Zorritos, northern Peru. It’s not somewhere you would likely see in a travel brochure or advertised on Instagram. It’s definitely not your typical backpackers destination. But maybe it should be. When I landed into Tumbes, the closest city to Zorritos, I saw…. nothing. Nothing but barren land for miles and miles, and to be completely honest, I wasn’t enthralled at the prospect of spending a month here. I was terrified.
In the taxi on the way to our accommodation, a fellow traveller, who has since become a close friend, and I grew increasingly apprehensive about our chosen destination – had we made a horrible mistake? The streets were dusty, and the locals stared through the windows at us. The cables hung low and plastic rolled around the streets; the only place I have ever been that it is comparable to is Arusha in Tanzania, Africa. Not exactly the idyllic south american beachfront we were hoping for.
However, after a good nights sleep, our rested eyes saw Zorritos in an entirely different light come morning. The beach stretches out the length of this quiet fishing town, with the calm waves of the pacific rolling shells and drift wood onto the white sand. Hammocks hang from palm trees where you won’t find and snoozing tourists, just the locals who take an afternoon siesta every day. In fact, there are no tourists at all here – after a week I have not seen one.
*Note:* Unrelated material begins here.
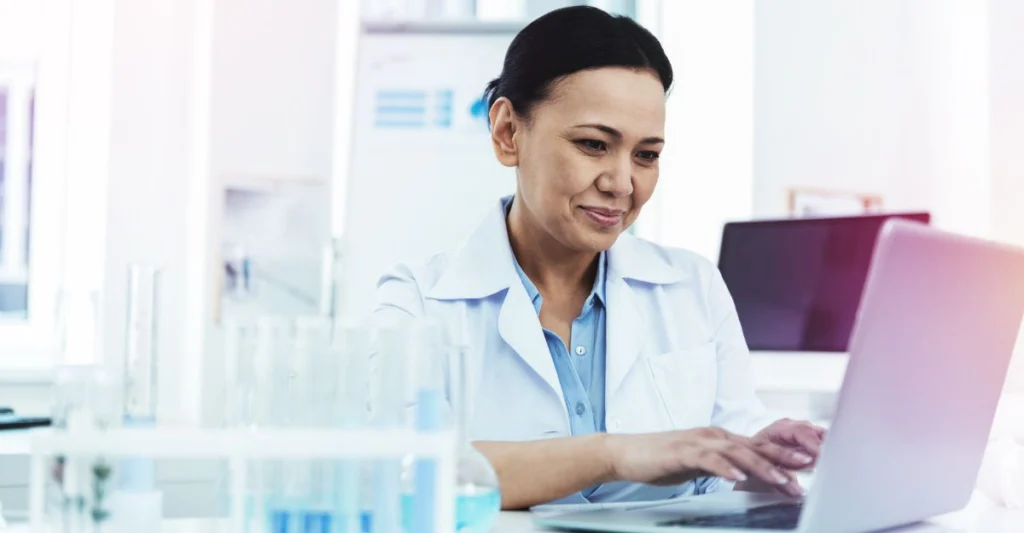 Female scientist working on laptop, conveying a Veeva Vault RIM Health Check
The locals are friendly and welcoming, smile all the time and always keen to help, to the point where a moto-taxi driver stayed with us until we were safely inside the hostel, and hotel staff came to our rescue helping us cook purple corn when we were clearly failing miserably. It is possibly the most relaxed place I have ever been to. Like the rest of the country, it runs on a completely different time zone, ‘Peru time’ they call it – meaning anywhere from on-time to an hour late, still means you are early…which nobody ever is. If a shop owner decides to close for the day to take a nap, he does it. If a restaurant suddenly has only one dish on the menu, so be it. If you need food you wander down to the local market to buy your fish fresh from the ocean and your fruit and vegetables from the lady on the corner. If it’s bread you’re after, you wander down to the bakery at either 8am or 5pm to coincide with freshly baked bread and croissant-style buns. It’s a slow and relaxing way of life that is likely the reason behind everyones smile. It’s very refreshing coming from punctual England to say the least. If anything, it teaches you to relax… it’s impossible to be stressed here. It’s definitely a place deserving of a better knowledge than it gets, and if a quiet fishing village can be this beautiful, I’m very excited to see what the rest of this vastly diverse country has to offer.